Benefits of Using Compute Services with RSUBMIT

One or more remote machines on your network may have vector processors or other larger, faster hardware resources that would more efficiently accomplish the CPU intensive portions of your application. Compute services enable you to move any or all segments of an application to a remote machine for execution. The results of the remote execution are returned to the local SAS session for processing, management by the local graphical user interface (GUI), or both.

In addition to CPU resources, a remote machine may have peripherals attached that would otherwise be inaccessible to you on a stand-alone local system. A PC in another part of your organization may have a plotter or a printer attached to it that you need to use. By directing your local SAS session to move its graphics processing to the remote PC and pointing to the PC's output device, you can get a hard copy of your graph from the remote plotter.

Data center rules or data characteristics may mandate a single, centralized copy of the data that is needed by your application. By moving the processing to the remote system where the data resides, there is no need to transfer or create additional copies of the data. Using only one copy of data can fulfill security needs as well as enable access to data sources that are too large or too dynamic to be transferred.

For example, although data links between host systems make file transfers convenient and easy, large files do not move quickly between hosts. Furthermore, it is inefficient to maintain multiple copies of large files when developing and testing programs that are designed to process those files. With SAS/CONNECT you can overcome this limitation by developing programs on one system while running them and keeping the data that they use on a different system. (The programs run on the remote host when they are remote-submitted.)

To test your programs, you execute the SAS program on the remote host by remote-submitting it from the local SAS session. All processing takes place on the remote host computer where the data resides, but the output appears on your local host. This method requires no file transfer, yet it permits you to process data that is stored on one system using programs that were developed on another system.
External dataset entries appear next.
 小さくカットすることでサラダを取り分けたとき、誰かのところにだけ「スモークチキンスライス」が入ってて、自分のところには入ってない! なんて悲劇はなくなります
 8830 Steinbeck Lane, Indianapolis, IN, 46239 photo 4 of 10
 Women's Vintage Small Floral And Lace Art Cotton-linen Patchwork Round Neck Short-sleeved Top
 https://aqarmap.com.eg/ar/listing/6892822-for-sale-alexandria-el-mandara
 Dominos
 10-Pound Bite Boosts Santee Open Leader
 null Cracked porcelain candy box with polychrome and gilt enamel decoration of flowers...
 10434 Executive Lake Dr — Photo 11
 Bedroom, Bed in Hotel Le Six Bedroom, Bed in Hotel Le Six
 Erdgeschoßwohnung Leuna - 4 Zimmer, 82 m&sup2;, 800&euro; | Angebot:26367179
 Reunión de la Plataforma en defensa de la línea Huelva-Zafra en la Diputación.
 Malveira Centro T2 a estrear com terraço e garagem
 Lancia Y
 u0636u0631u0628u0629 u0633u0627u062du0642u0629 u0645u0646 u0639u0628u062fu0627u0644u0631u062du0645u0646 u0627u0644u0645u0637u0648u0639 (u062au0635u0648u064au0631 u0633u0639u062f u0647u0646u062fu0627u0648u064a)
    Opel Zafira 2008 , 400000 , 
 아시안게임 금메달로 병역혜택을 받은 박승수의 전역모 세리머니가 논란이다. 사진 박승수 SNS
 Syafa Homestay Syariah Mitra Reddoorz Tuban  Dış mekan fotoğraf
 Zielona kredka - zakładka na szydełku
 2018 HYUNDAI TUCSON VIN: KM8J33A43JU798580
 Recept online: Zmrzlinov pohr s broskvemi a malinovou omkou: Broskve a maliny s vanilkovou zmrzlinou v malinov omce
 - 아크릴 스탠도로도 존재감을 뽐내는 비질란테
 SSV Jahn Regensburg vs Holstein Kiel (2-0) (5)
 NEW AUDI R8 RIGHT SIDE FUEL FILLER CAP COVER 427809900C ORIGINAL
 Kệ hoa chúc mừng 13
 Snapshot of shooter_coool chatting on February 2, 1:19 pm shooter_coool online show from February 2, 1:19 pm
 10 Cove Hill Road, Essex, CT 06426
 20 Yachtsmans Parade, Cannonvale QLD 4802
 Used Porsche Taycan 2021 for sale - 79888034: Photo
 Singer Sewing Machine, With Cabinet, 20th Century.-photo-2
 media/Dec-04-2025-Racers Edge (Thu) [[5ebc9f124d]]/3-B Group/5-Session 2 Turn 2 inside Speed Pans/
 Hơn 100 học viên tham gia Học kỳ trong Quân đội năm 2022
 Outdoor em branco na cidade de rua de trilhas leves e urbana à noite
The ability to execute remote submits asynchronously allows you to continue processing on your local host while the remote submit processes in the background. Asynchronous processing provides increased time efficiency by allowing you to perform multiple tasks at the same time. Using this technique, you can start a long running task in the background on a remote host, and immediately be able to begin another task on another remote host or continue local processing, rather than wait until the first remote task is complete before regaining control of your local SAS session. This also provides you with flexibility as to when and where tasks are performed.

Both synchronous and asynchronous remote submits can be used with the Output Delivery System (ODS) to make changes to the format and appearance of the SAS output that is generated on the remote host. Using ODS, each piece of output is an "object" that can be manipulated and viewed in many ways.